The drawings are illustrations of embodiments of the present invention. Fig. 1 is a front view of the rice milling plant, Fig. 2 is a side sectional view of the crushed grain detection device, Fig. 3 is a partial sectional view of the endless belt, Fig. 4 is a partially cut-away side view of the rice milling machine, and Fig. 5 is a partially cutaway side view of the rice milling machine. The figure is a partially cut-away side view of the sample rice extraction section. 1, 2, 3... Rice milling machine, 4, 5, 6... Sample rice removal section, 7... Crushed grain detection device, 8... Grain frying machine, 9... Rice grain tank, 10... Grain frying machine, 11... Rice grain tank, 12...

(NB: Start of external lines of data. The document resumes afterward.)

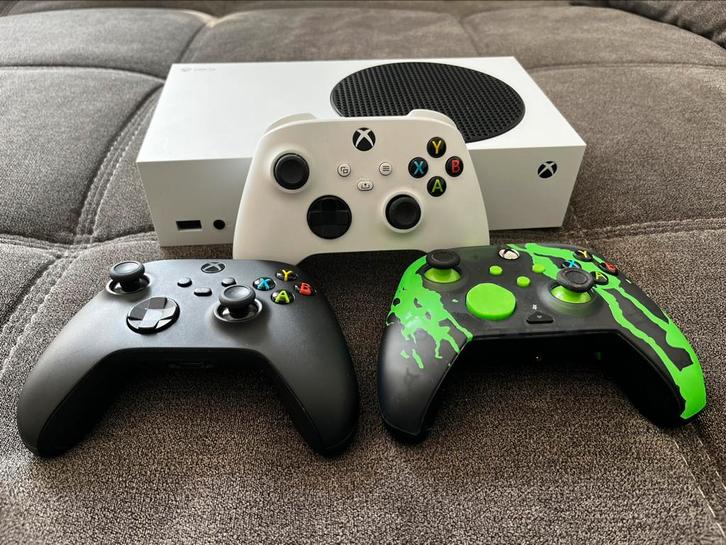 Xbox Series S | 512GB | incl. 3 Xbox controllers, Spelcomputers en Games, Spelcomputers | Xbox Series X en S, Zo goed als nieuw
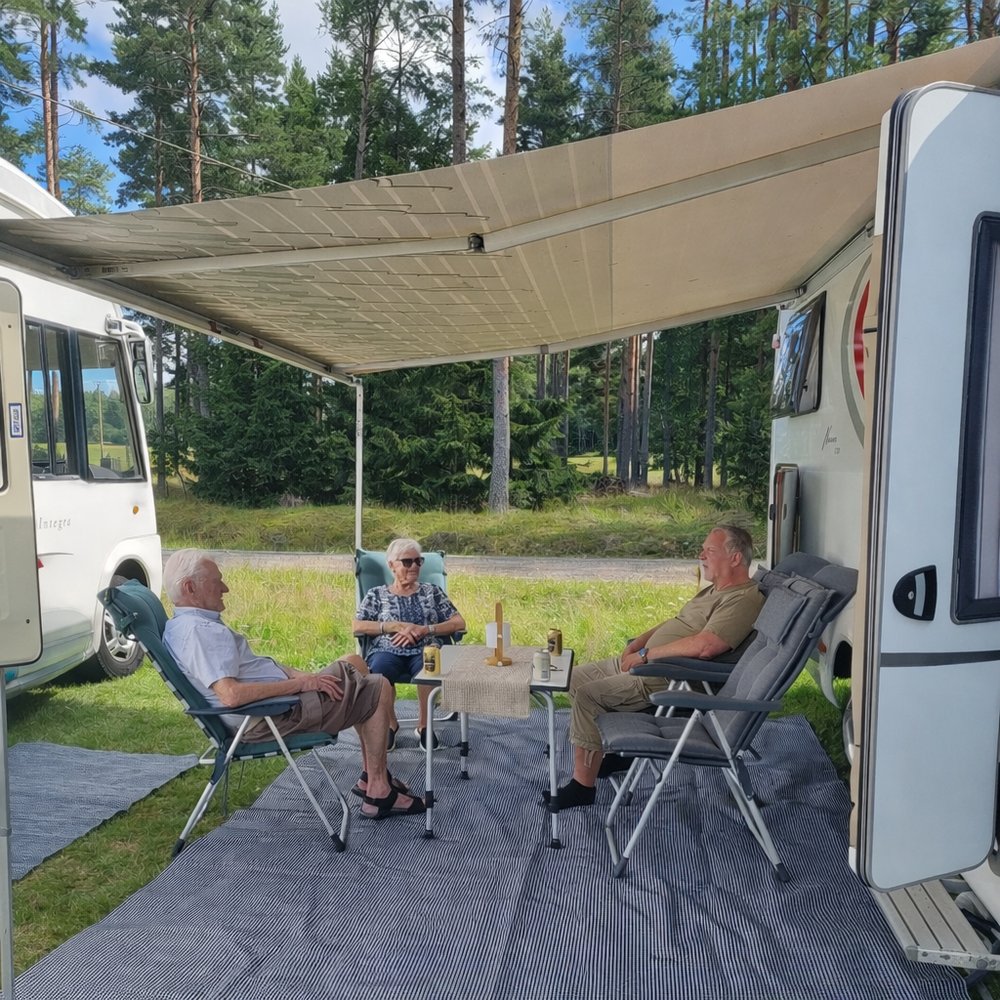  Brevens Bruk, Parkeringsplats: Röda Sand 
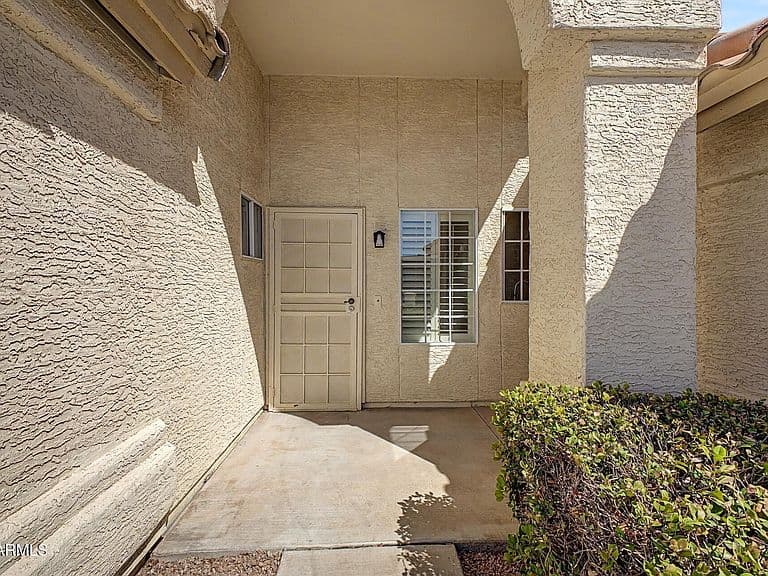 10604 E BELLFLOWER Drive photo 4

Grain lifting machine, 13... Humidification cooling device, 14... Grain lifting machine, 1
5...Rice grain tank, 16...Rice grinder, 17A, 17
B, 17C...Discharge port, 18...Sample transport conveyor, 19...Grain frying machine, 20...Box-shaped machine frame, 21...Supply port, 21A...Automatic feeding roll, 22...Discharge port, 2
3, 24... Shaft pulley, 25... Grain crushing pot hole, 26... Endless belt, 27... Vibration device, 28... Rice grain sorting section,
29... Measuring container, 30... Base, 31... Load cell, 32... Weight measuring section, 33... Downflow gutter for crushing particles, 3
4...Automatic discharge valve, 35...Grain regulating supply port, 36...Crushing supply port, 37...Automatic discharge valve, 38...Ratio calculation section, 39...Printer, 40...Sample flow tube, 41
...Automatic switching valve, 42...Sample extraction port, 43...Scatter prevention plate, 44...Alarm device, 45...Load adjustment device, 4
6...Rice discharge port, 47...Compression lid, 48...Horizontal pivot,
49...Screw shaft for adjusting degree of compression, 50...Forward/reverse rotation electric motor, 51...Weight.

Claims (1)

[Claims of Claims] 1. A rice grain sorting section that separates sorted grains and crushed grains, a weight measuring section that measures the weight of each sorted grain, and a ratio calculation section that calculates the crushed grain mixing rate based on each measured weight. Detection of crushed grains in a rice milling plant, characterized in that the crushed grain detection device is provided with a crushed grain detection device equipped with a rice milling machine, and the crushed grain detection device is connected to at least one sample rice take-out section provided in the middle of a rice milling flow process consisting of a plurality of rice milling machines. Device. 2. The crushed grain detection device for a rice milling plant according to claim 1, wherein the crushed grain detection device includes an alarm device that issues an alarm based on the detection or ratio signal. 3. The crushed grain detection device for a rice milling plant according to claim 1, wherein the crushed grain detection device is connected to a load adjustment device that adjusts the load of the rice milling machine by its detection or ratio signal. 4. The crushed grain detection device for a rice milling plant according to claim 1, wherein the crushed grain detection device is equipped with a printer for recording the detection or ratio signal.